• Aim of the exercise: What is wanted is every record, duplicated word for word.

• Given records:
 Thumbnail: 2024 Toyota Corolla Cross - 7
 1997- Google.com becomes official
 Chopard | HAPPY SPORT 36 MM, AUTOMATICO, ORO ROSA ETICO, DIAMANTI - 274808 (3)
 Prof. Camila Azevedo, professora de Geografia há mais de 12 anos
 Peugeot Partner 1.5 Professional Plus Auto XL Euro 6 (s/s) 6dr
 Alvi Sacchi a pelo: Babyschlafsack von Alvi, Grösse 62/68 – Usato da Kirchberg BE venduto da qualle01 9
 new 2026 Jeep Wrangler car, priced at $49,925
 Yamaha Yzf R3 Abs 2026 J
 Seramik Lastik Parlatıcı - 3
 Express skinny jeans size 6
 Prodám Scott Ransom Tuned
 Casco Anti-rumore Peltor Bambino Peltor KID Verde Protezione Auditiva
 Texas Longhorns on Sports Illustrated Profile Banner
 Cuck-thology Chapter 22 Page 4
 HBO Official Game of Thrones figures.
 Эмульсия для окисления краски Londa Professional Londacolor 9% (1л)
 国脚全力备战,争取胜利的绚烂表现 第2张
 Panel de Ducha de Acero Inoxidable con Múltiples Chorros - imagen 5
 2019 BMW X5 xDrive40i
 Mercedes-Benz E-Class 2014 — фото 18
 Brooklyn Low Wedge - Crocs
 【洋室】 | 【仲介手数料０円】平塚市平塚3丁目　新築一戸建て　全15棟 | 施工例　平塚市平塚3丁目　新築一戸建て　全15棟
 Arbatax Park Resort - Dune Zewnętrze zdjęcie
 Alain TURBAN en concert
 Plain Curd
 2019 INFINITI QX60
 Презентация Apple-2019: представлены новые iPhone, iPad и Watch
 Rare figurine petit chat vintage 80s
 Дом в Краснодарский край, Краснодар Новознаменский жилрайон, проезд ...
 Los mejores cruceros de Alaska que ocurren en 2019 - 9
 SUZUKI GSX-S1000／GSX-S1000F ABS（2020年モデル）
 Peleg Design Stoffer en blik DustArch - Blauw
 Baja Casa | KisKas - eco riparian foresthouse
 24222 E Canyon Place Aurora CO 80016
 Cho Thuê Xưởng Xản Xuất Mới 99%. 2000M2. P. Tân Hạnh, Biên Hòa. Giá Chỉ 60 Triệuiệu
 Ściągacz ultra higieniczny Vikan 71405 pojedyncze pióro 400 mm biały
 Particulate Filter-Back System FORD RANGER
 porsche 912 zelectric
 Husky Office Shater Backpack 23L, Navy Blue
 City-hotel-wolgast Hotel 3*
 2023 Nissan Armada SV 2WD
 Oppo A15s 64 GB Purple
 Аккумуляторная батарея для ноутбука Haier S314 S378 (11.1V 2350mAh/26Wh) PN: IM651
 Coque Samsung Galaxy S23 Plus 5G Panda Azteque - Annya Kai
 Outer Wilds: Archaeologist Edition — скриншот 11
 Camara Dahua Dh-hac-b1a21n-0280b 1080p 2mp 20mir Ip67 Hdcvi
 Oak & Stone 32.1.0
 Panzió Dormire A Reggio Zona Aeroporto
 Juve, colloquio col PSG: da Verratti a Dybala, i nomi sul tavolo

• Answer space:
 Thumbnail: 2024 Toyota Corolla Cross - 7
 1997- Google.com becomes official
 Chopard | HAPPY SPORT 36 MM, AUTOMATICO, ORO ROSA ETICO, DIAMANTI - 274808 (3)
 Prof. Camila Azevedo, professora de Geografia há mais de 12 anos
 Peugeot Partner 1.5 Professional Plus Auto XL Euro 6 (s/s) 6dr
 Alvi Sacchi a pelo: Babyschlafsack von Alvi, Grösse 62/68 – Usato da Kirchberg BE venduto da qualle01 9
 new 2026 Jeep Wrangler car, priced at $49,925
 Yamaha Yzf R3 Abs 2026 J
 Seramik Lastik Parlatıcı - 3
 Express skinny jeans size 6
 Prodám Scott Ransom Tuned
 Casco Anti-rumore Peltor Bambino Peltor KID Verde Protezione Auditiva
 Texas Longhorns on Sports Illustrated Profile Banner
 Cuck-thology Chapter 22 Page 4
 HBO Official Game of Thrones figures.
 Эмульсия для окисления краски Londa Professional Londacolor 9% (1л)
 国脚全力备战,争取胜利的绚烂表现 第2张
 Panel de Ducha de Acero Inoxidable con Múltiples Chorros - imagen 5
 2019 BMW X5 xDrive40i
 Mercedes-Benz E-Class 2014 — фото 18
 Brooklyn Low Wedge - Crocs
 【洋室】 | 【仲介手数料０円】平塚市平塚3丁目　新築一戸建て　全15棟 | 施工例　平塚市平塚3丁目　新築一戸建て　全15棟
 Arbatax Park Resort - Dune Zewnętrze zdjęcie
 Alain TURBAN en concert
 Plain Curd
 2019 INFINITI QX60
 Презентация Apple-2019: представлены новые iPhone, iPad и Watch
 Rare figurine petit chat vintage 80s
 Дом в Краснодарский край, Краснодар Новознаменский жилрайон, проезд ...
 Los mejores cruceros de Alaska que ocurren en 2019 - 9
 SUZUKI GSX-S1000／GSX-S1000F ABS（2020年モデル）
 Peleg Design Stoffer en blik DustArch - Blauw
 Baja Casa | KisKas - eco riparian foresthouse
 24222 E Canyon Place Aurora CO 80016
 Cho Thuê Xưởng Xản Xuất Mới 99%. 2000M2. P. Tân Hạnh, Biên Hòa. Giá Chỉ 60 Triệuiệu
 Ściągacz ultra higieniczny Vikan 71405 pojedyncze pióro 400 mm biały
 Particulate Filter-Back System FORD RANGER
 porsche 912 zelectric
 Husky Office Shater Backpack 23L, Navy Blue
 City-hotel-wolgast Hotel 3*
 2023 Nissan Armada SV 2WD
 Oppo A15s 64 GB Purple
 Аккумуляторная батарея для ноутбука Haier S314 S378 (11.1V 2350mAh/26Wh) PN: IM651
 Coque Samsung Galaxy S23 Plus 5G Panda Azteque - Annya Kai
 Outer Wilds: Archaeologist Edition — скриншот 11
 Camara Dahua Dh-hac-b1a21n-0280b 1080p 2mp 20mir Ip67 Hdcvi
 Oak & Stone 32.1.0
 Panzió Dormire A Reggio Zona Aeroporto
 Juve, colloquio col PSG: da Verratti a Dybala, i nomi sul tavolo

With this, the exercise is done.